▶ _RECORDS SUPPLIED_:
== Segment start ==

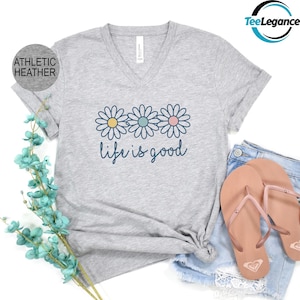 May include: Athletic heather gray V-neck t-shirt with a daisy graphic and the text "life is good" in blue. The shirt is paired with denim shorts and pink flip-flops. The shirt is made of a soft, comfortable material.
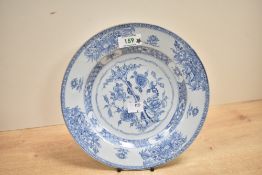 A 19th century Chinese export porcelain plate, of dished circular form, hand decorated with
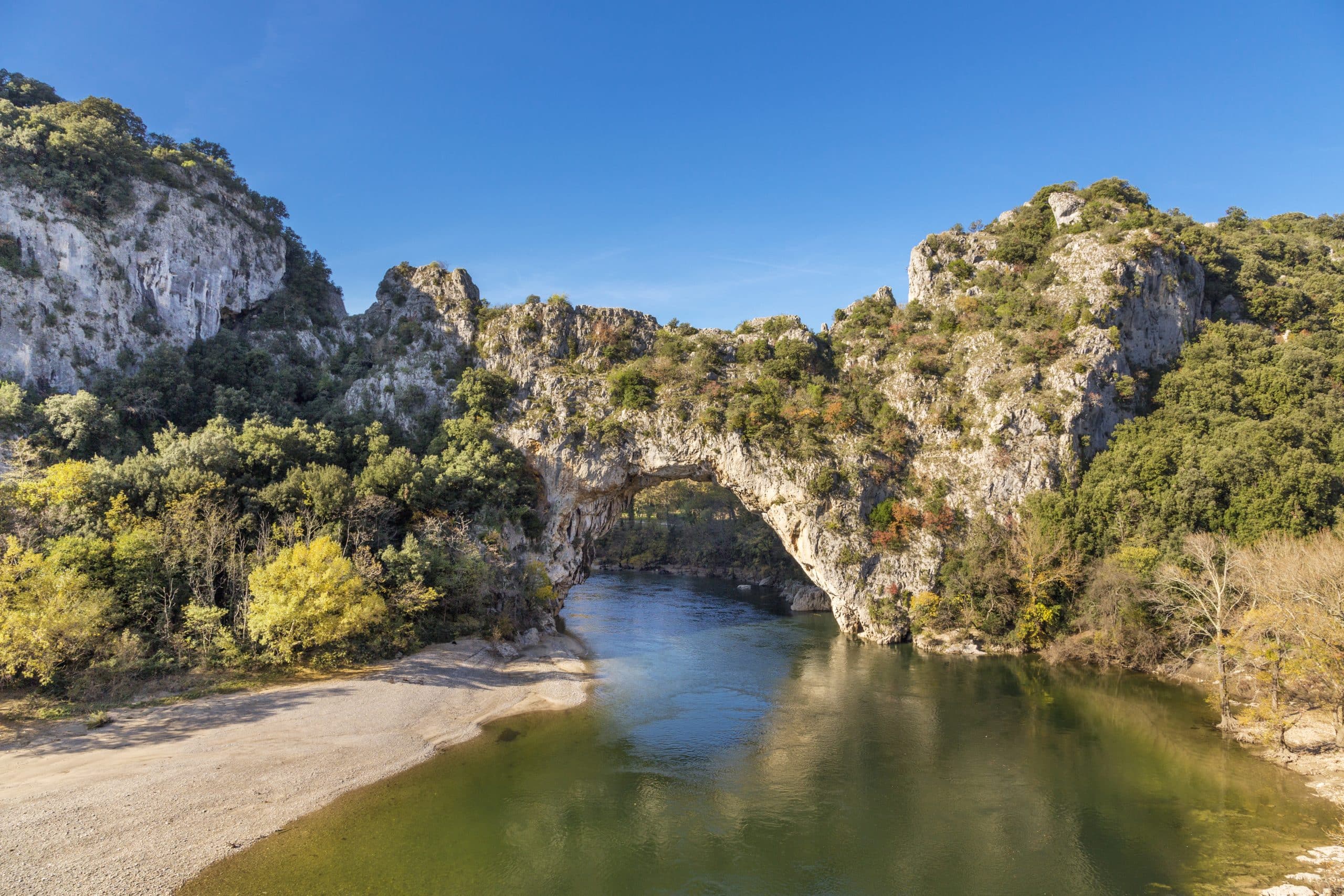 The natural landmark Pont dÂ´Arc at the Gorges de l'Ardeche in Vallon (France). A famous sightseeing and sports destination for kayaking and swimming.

== Segment end ==
== Segment start ==

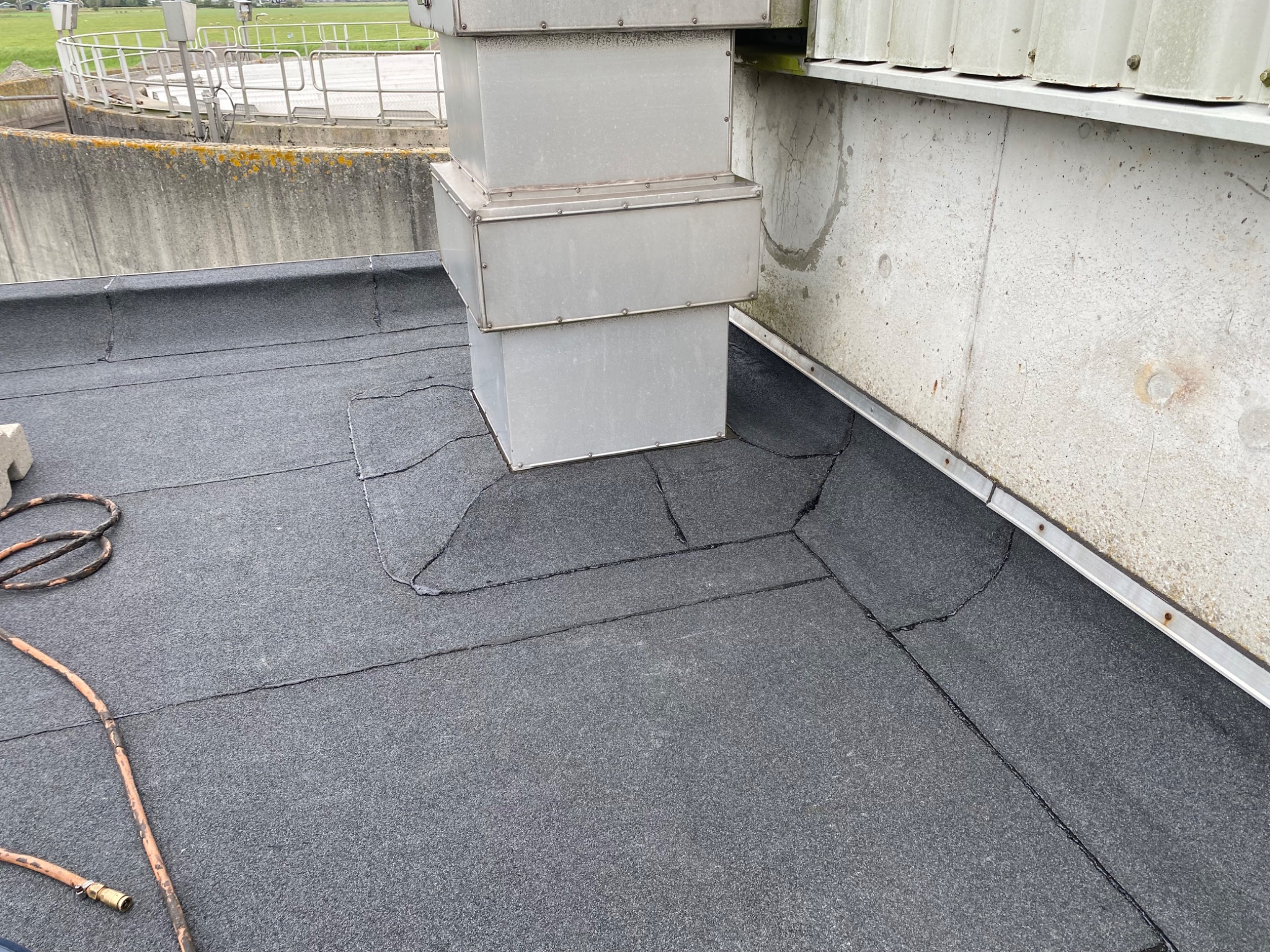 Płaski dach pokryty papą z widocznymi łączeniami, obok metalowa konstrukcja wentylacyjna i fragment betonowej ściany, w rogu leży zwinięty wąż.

== Segment end ==

▶ _AIM OF THE EXERCISE_: Repeat, without pictures, exactly the lines of the data above from the one containing "May include: Athletic" through the one containing "The natural landmark", including both and adding nothing.

▶ _TASK OUTPUT_:
 May include: Athletic heather gray V-neck t-shirt with a daisy graphic and the text "life is good" in blue. The shirt is paired with denim shorts and pink flip-flops. The shirt is made of a soft, comfortable material.
 A 19th century Chinese export porcelain plate, of dished circular form, hand decorated with
 The natural landmark Pont dÂ´Arc at the Gorges de l'Ardeche in Vallon (France). A famous sightseeing and sports destination for kayaking and swimming.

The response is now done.